A Marcelino Miyares, amigo entrañable, y veterano de Bahía de Cochinos
Hace 61 años, el 17 de abril de 1961, 1511 exiliados cubanos, entrenados y organizados por el gobierno de Estados Unidos, desembarcó en las solitarias playas de Bahía de Cochinos. Dos días y medio después, todo había terminado. El fracaso de la operación le costó al grupo invasor 118 muertos y 1,197 prisioneros, y a las milicias del gobierno revolucionario, 176 muertos y alrededor de 300 heridos.
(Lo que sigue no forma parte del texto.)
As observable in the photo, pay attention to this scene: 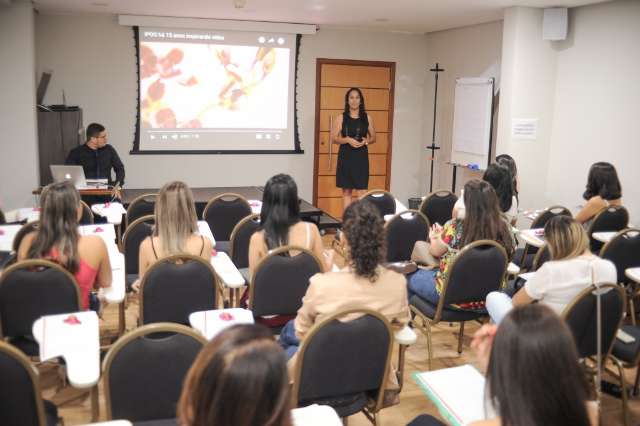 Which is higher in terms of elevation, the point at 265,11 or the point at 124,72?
the point at 265,11

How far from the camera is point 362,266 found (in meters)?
2.57

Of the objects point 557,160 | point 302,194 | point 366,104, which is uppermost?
point 366,104

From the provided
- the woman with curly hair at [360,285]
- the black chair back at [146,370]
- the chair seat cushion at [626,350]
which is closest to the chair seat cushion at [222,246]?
the woman with curly hair at [360,285]

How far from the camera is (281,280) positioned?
3170 mm

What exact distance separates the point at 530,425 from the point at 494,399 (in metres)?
0.12

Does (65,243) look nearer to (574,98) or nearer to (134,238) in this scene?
(134,238)

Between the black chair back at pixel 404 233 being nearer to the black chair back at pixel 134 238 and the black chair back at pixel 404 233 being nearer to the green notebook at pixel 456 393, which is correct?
the black chair back at pixel 134 238

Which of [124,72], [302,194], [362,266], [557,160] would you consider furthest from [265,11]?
[362,266]

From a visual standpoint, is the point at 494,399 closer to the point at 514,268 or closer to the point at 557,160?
the point at 514,268

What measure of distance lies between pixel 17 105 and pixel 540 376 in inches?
263

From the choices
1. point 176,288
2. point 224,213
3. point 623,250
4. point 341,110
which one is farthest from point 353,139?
point 176,288

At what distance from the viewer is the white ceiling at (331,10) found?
630 centimetres

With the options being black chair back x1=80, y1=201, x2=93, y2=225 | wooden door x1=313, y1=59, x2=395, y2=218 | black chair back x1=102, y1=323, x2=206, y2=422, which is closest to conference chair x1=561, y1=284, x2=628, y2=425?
black chair back x1=102, y1=323, x2=206, y2=422

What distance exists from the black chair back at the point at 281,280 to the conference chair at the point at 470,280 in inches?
32.2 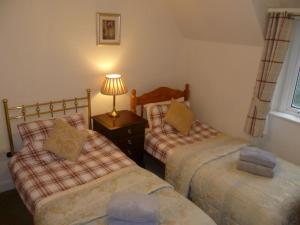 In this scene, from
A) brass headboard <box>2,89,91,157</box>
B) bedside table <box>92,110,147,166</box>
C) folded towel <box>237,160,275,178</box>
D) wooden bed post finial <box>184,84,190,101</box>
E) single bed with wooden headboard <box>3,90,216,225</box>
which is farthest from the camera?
wooden bed post finial <box>184,84,190,101</box>

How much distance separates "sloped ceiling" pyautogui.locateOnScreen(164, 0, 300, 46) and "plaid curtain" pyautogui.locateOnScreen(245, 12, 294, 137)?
0.15 m

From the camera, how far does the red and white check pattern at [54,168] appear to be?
2096 millimetres

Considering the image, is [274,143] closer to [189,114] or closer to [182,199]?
[189,114]

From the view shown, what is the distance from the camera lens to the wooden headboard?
3.52 m

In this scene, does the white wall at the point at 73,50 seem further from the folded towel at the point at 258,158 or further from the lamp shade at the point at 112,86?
the folded towel at the point at 258,158

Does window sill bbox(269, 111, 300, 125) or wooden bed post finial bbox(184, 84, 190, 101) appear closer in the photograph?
window sill bbox(269, 111, 300, 125)

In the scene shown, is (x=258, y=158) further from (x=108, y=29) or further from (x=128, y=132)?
(x=108, y=29)

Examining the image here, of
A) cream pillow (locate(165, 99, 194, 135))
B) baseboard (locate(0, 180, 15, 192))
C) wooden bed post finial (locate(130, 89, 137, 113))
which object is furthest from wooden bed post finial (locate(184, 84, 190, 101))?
baseboard (locate(0, 180, 15, 192))

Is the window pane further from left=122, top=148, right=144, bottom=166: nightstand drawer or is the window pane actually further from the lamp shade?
the lamp shade

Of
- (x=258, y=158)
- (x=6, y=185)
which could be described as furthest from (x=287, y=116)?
(x=6, y=185)

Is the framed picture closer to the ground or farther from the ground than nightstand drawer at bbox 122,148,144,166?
farther from the ground

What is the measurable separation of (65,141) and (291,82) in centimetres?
252

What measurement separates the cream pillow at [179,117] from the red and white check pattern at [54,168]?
90 centimetres

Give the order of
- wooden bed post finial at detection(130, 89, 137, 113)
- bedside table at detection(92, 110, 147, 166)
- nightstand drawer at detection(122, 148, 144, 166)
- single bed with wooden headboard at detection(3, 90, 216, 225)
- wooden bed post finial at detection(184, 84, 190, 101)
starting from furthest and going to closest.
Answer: wooden bed post finial at detection(184, 84, 190, 101) < wooden bed post finial at detection(130, 89, 137, 113) < nightstand drawer at detection(122, 148, 144, 166) < bedside table at detection(92, 110, 147, 166) < single bed with wooden headboard at detection(3, 90, 216, 225) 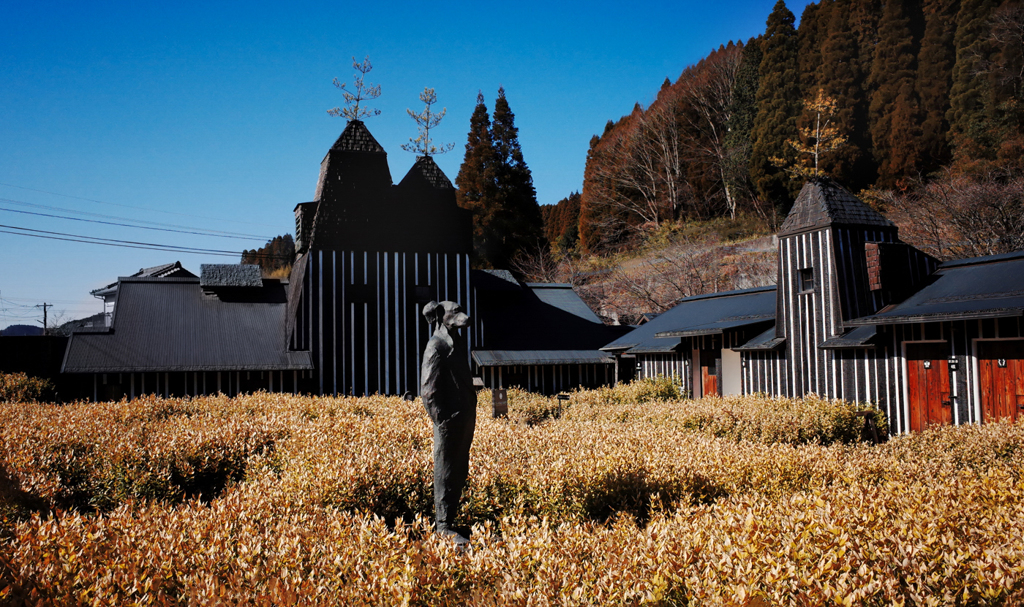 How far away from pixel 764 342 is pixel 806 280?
189cm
Trágico episodio del proceso político cubano que se inició mucho antes, la tarde del 31 de diciembre de 1958, horas antes de que el dictador Fulgencio Batista, su familia y un reducido grupo de sus colaboradores más cercanos se fugaran en dos aviones DC 3 con destino a República Dominicana.
¿El proyecto secreto de Fidel Castro?
Al revisar la documentación de la época, uno tiene la impresión de que Washington había seguido el desarrollo de la insurrección desatada por Fidel Castro con el asalto al cuartel Moncada, el 26 de julio de 1953, y su desembarco en el yate Granma el 2 de diciembre de 1956, con un elevado grado de imprecisión. Algo sí sabemos: en el Washington de entonces a nadie le cabía en la cabeza la idea de que lo que ocurría en Cuba, a solo 90 millas de Estados Unidos, fuera un suceso capaz de trascender sus límites geográficos y provocar profundos cambios políticos en el sur del continente. De ahí que solo fue el 18 de diciembre de 1958 cuando Allen Dulles, director general de la CIA, le advirtió al presidente Dwight Eisenhower de que un triunfo del movimiento revolucionario en Cuba podría provocar efectos contrarios a los intereses de Estados Unidos en la región.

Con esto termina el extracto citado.